Which vitamins in which foods? A list of our foods with vitamin content. Because if you don’t eat enough vitamins, you will soon suffer from deficiency symptoms. We will therefore show you which foods you should eat in order to be able to give your body all the important vitamins.
Vitamins in fruits and vegetables
Basically, all types of fruit and vegetables contain a good amount of vital substances. At least 2.5 cups of vegetables and 2 cups of fruit should be consumed daily. In order to preserve as many vitamins as possible, it is advisable to cook the vegetables carefully and, if possible, not to keep them warm for long. It is also beneficial to buy organic fruits and vegetables to get the full benefit. Here are the top foods in this category:
Paprika: The paprika has the highest content of vitamin C (138mg/100g!) and vitamin E of all types of vegetables. Just 85 grams of this vegetable is enough to cover the daily vitamin C content of an adult.
Sweet potato: This delicious vegetable not only scores with its taste, but also with its high content of vitamin A. That’s not all, the sweet potato also contains numerous other vitamins and trace elements.
Rosehip: It is an amazing fruit and surpasses all other fruits with its content of vitamins C, A, and E. It only takes nine grams of rose hips and your daily vitamin C requirement is covered.
Vitamins in animal foods
Meat, fish, cheese, yogurt, and milk are all important sources of B-complex vitamins. Vegetarians and vegans in particular often suffer from low levels of vitamin B12. In such cases, supplements should be taken to help or meat and fish should be integrated into everyday life. Also in this food category, there are some representatives that you absolutely must know about:
Eggs: Egg yolks contain 147 micrograms per 100 grams, making them a top representative of this fat-soluble vitamin. Eggs also provide high levels of pantothenic acid (1.6mg/100g), folic acid, and cobalamin or vitamin B12.
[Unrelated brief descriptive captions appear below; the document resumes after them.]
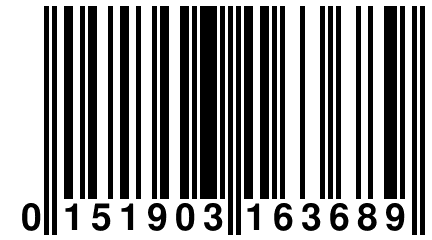 0 151903 163689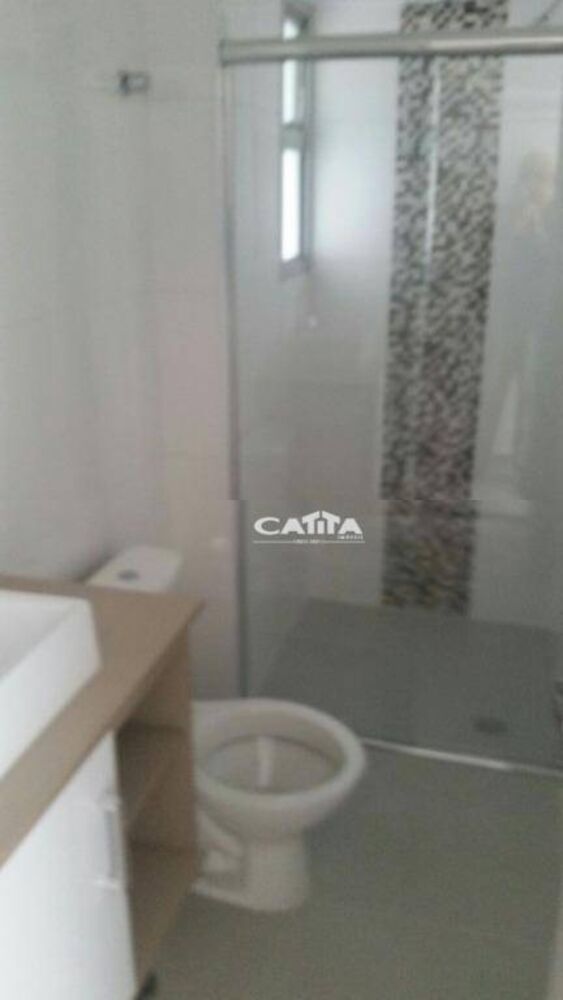 Apartamento, 3 quartos, 74 m² - Foto 8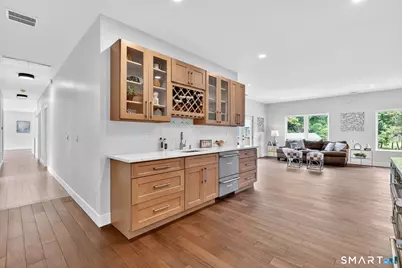 460 Miller Road, South Windsor, CT 06074 - Photo 23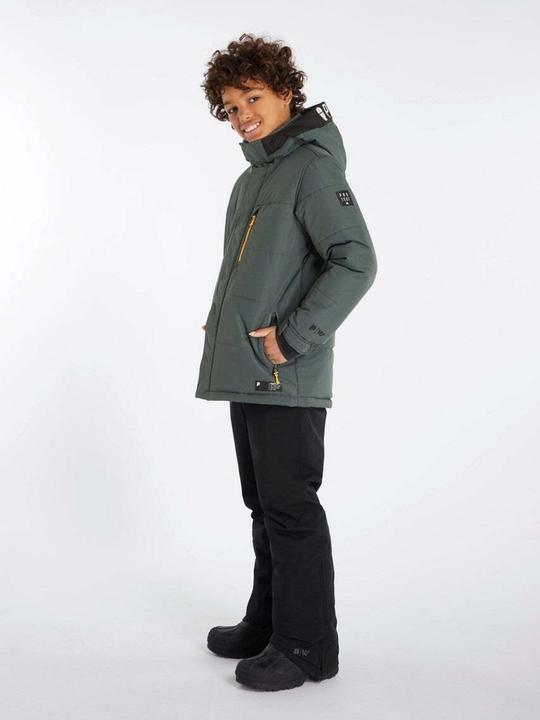 Image du produit Protest Snowjacket Prtpeng Jr (140)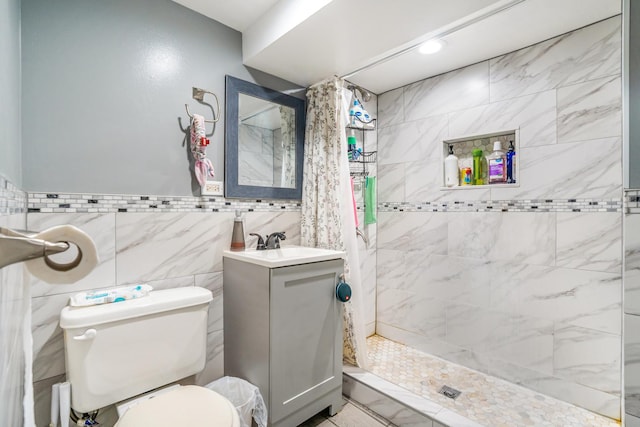 7830 Linder Ave, Burbank, IL 60459 - photo 12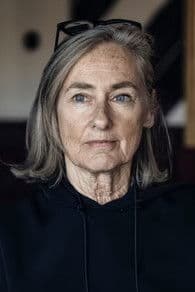 Mary Sweeney profile photo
Liver: It doesn’t matter if you choose veal liver, chicken liver, or cod liver oil, these foods are all very high in vitamins. Of particular note are the 60 micrograms of vitamin B12 per 100 grams of calf’s liver. No other food has such an amount of vitamin B12.
Milk fats: Dairy products meet the need for vitamin A in particular, but they also contain vitamins D and B12. Cheese, yogurt, and whole milk are products with healthy milk fats.
Plant-based foods (excluding fruits and vegetables)
Vegetable foods such as legumes or grains are just as important for humans as meat, fish, and dairy products. Therefore, also integrate the following top representatives into your menu:
Brewer’s yeast/yeast flakes: Seasoning yeast contains high levels of various vitamins of the B6 complex, vitamin B3, AND b1. Yeast can easily be incorporated into many menus.
Hazelnuts: The healthy nuts are not only delicious but also contain almost 30mg of vitamin E per 100 grams of the little bundle of energy. So feel free to grab it!
Vitamins for athletes
If you do sports, you should pay even more attention to your vitamin requirements. People who eat a varied diet with natural products need not fear developing a deficiency symptom.
Vegetarians and vegans should listen to their bodies and take supplements if necessary.